# [TASK INPUT]
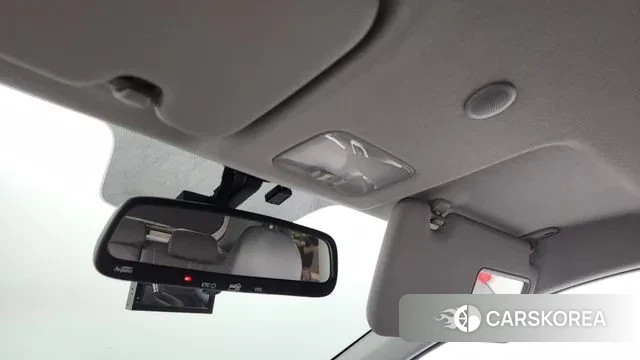 Kia All New Morning (JA) id 3060923 из Кореи 10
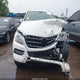 4JGDA5HB5FA618611 2015 Mercedes-Benz Ml 350 4Matic auction photo thumbnail 12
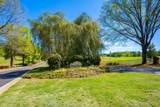 104 Mayfair Court - Photo 44
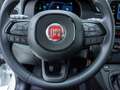 Fiat Panda Pandina City Paket 1.0 Mild Hybrid Klima DAB PDC ( Weiß - thumbnail 25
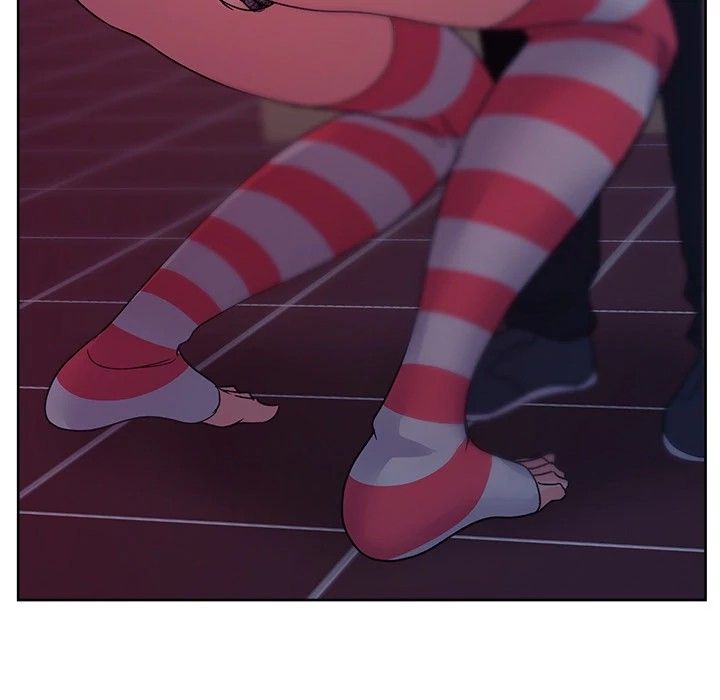 Soojung's Comic Store Manhwa - Chapter 17 Page 4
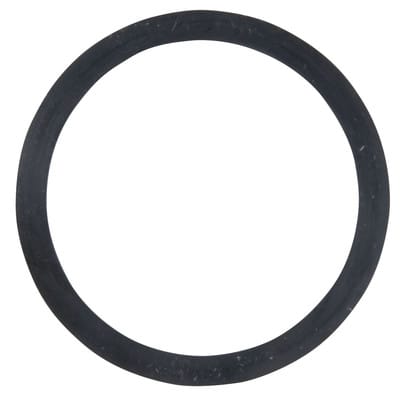 KS-Tools 515.3560-R008P Dichtung für Kartuschenrohr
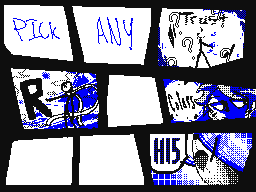 Flipnote by Colors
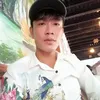 truonggjang94k1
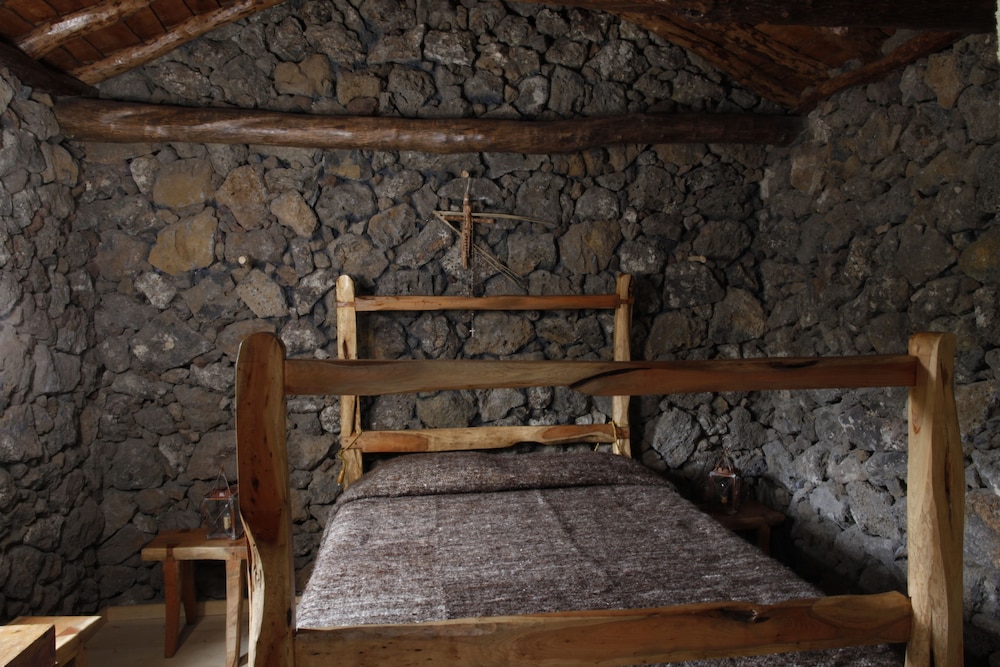 Quinta do Martelo 18/75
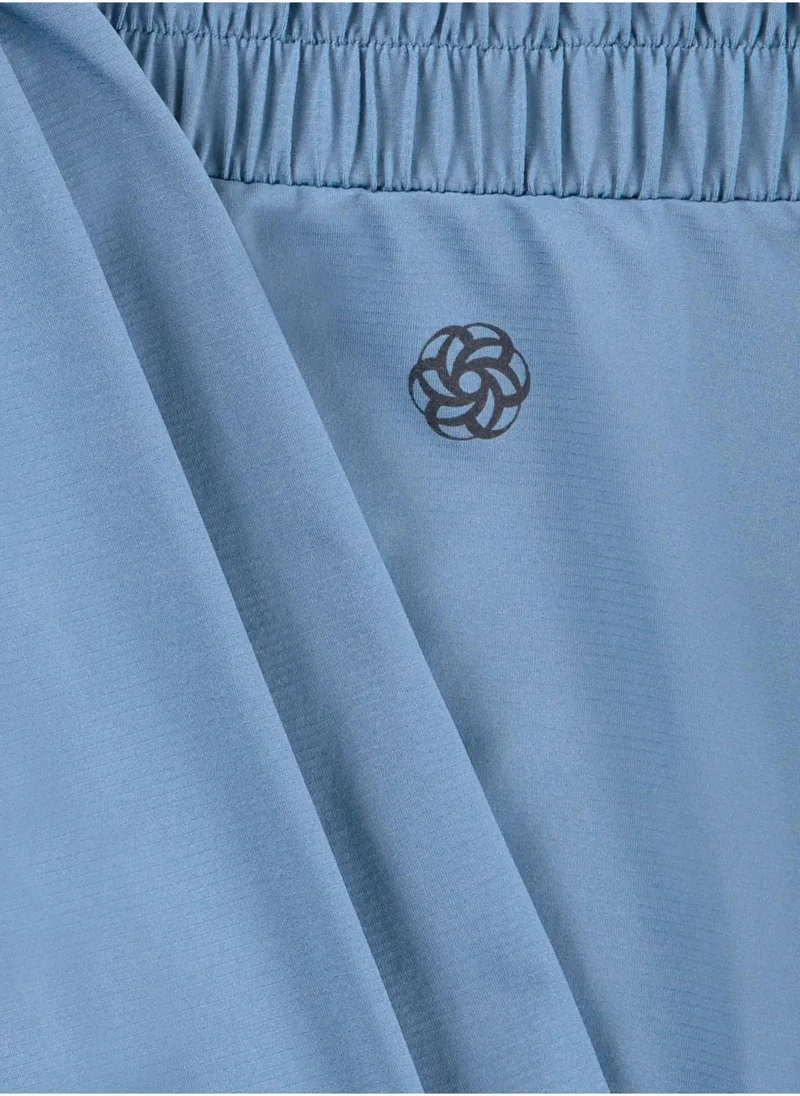 Kayanee Flow Active Jacket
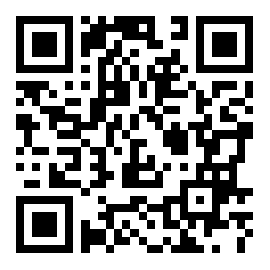 超级兵王 v1.0.8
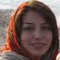 solmaz sedighshoja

# [EXERCISE DIRECTIONS]
Beginning with the line containing "Kayanee Flow Active Jacket" and ending with the last line of the data above, repeat each line exactly. Include no pictures and no other lines.

# [PROBLEM SOLUTION]
 Kayanee Flow Active Jacket
 超级兵王 v1.0.8
 solmaz sedighshoja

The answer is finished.